Wir arbeiten eng mit der Filiale in Steinsrode zusammen. Daher weiß ich, dass die „Bei uns in Steinsrode“-Aktion ausgerechnet auf den heißesten Tag im Jahr mit über 35 Grad gefallen war. Es galt, samstagsmorgens vier Stunden lang an einem Securitas-Stand auf einem Supermarktparkplatz zu stehen und mit möglichst vielen Leuten ins Gespräch zu kommen. Die Kollegin hatte uns einen Tag vorher sehr direkt erklärt: „Ich bin doch nicht bekloppt und stell mich in die pralle Sonne. Ich schick unsere Praktikantin.“ Die Praktikantin war 18, äußerst drall gebaut und hielt nicht viel von allzu viel Kleidung – besonders nicht am heißesten Tag des Jahres. Von Versicherungen hatte sie keinerlei Ahnung. Die einzige „wohlwollende Reaktion“ stand wenige Tage später auf einer vergammelten Postkarte ohne Absender, aber mit Telefonnummer: „Wow, ich wusste gar nicht, dass Ihr so geile Biester bei Euch beschäftigt habt. Würde mit der Dame gerne mal bei mir zu Hause ne Versicherung oder auch anderes abschließen oder aufmachen.“
Herr Dieter schließt auch diesen Tagesordnungspunkt: „Wir halten fest, dass unsere „Bei uns in ...“-Aktionen auch im 17. Jahr ihres Bestehens erfolgreich verlaufen ist und wir sie demnach auch im nächsten Jahr beibehalten sollten.“
Es gibt weitere Tagesordnungspunkte und Marketing-Aktionen. Die Filiale Kirchhausen, die ich vertrete, wird nicht erwähnt, und auch sonst fällt mir nicht ein, was ich zur Diskussion beitragen könnte. Aber es wäre dumm, bei einer einzigartigen Gelegenheit wie dieser, bei der ich mich in der Zentrale präsentieren kann, nicht auf mich aufmerksam zu machen, um mich für höhere Aufgaben zu empfehlen. Also melde ich mich kurz vor Schluss der Sitzung und frage: „Wird es im nächsten Jahr in Kirchhausen auch wieder eine Hufeisen-Aktion geben?“
„Ahh, die Hufeisen-Aktion.“ Herr Dieter ist begeistert. „Fast hätten wir sie vergessen. Ich danke dem Kollegen aus Kirchhausen außerordentlich, dass er uns daran erinnert.“
Ich strahle. Mein Kommen hat sich gelohnt.

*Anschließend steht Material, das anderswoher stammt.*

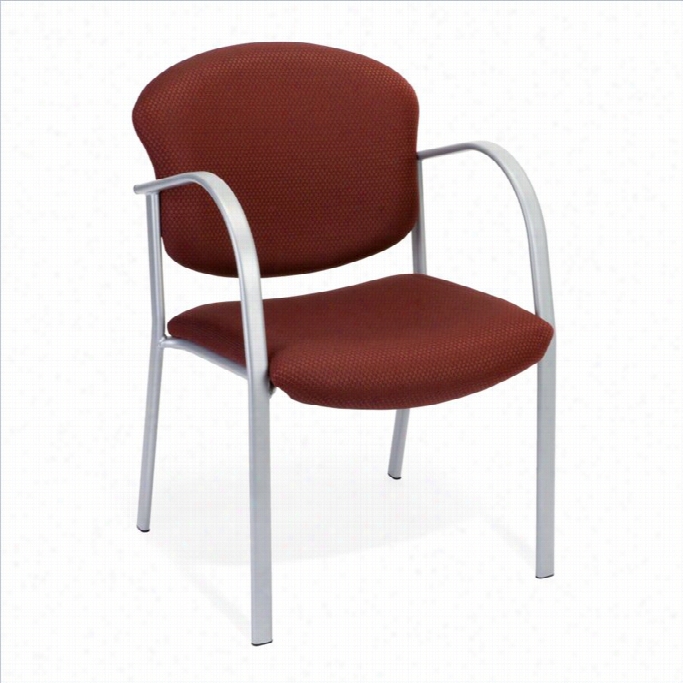 Ofm Danbelle Series Contract Reception Chair In Burgundy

„Sicherlich wird es wieder eine Hufeisenaktion geben. Wir haben noch“, er blättert wieder in seiner luxuriösen Mappe, „239 Hufeisen auf Lager. Die werden wir an den Mann und an die Frau bringen.“ Er schlägt dabei sanft mit flacher Hand auf den Tisch.
Bei der Hufeisenaktion werden Hufeisen im gesamten Filialgebiet versteckt. Die Kunden müssen sie suchen. Und wenn sie eins gefunden haben, bekommen sie dafür in der Filiale einen Preis. Sinn der Aktion ist, auf diese Weise Menschen in die Filiale zu locken, die diese zuvor noch nie betreten haben. Bei der Aktion im letzten Jahr ist ein einziges Hufeisen zurückgekommen, gebracht von einem 70-jährigen Mütterchen, das ohnehin schon bis über beide Ohren von uns versichert war. Ihr Preis war ein batteriebetriebener, knallbunter Tacker. Ungemein nützlich. Die anderen 19 Hufeisen müssen jetzt noch in irgendwelchen Büschen vor sich hinrosten.
Herr Dieter schließt die jährlich stattfindende Filialleiterkonferenz: „Meine Damen und Herren, ich halte fest, dass das Hundehauser Seifenkistenrennen wieder in unsere Hände übergeht, dass wir mit neuen Konzepten bei unserer „Bei uns in ...“-Aktion die Jugend erreichen und wir auf diesem durch die Kollegin in Steinsrode eingeschlagenen Weg weitermachen sollten und dass die Hufeisenaktion weitergeht. Warum sollten wir Erfolgreiches abschaffen?! Ich danke für Ihr Engagement und wünsche Ihnen einen guten Heimweg.“
Vor mir stehen viele leere Fläschchen und ein leeres Kaffeekännchen. Mir ist im Magen etwas flau, aber ich bin stolz, für Securitas arbeiten zu dürfen. Es gibt einem Auftrieb, mal in der Zentrale gewesen zu sein und mit Herrn Dieter höchstpersönlich gesprochen zu haben.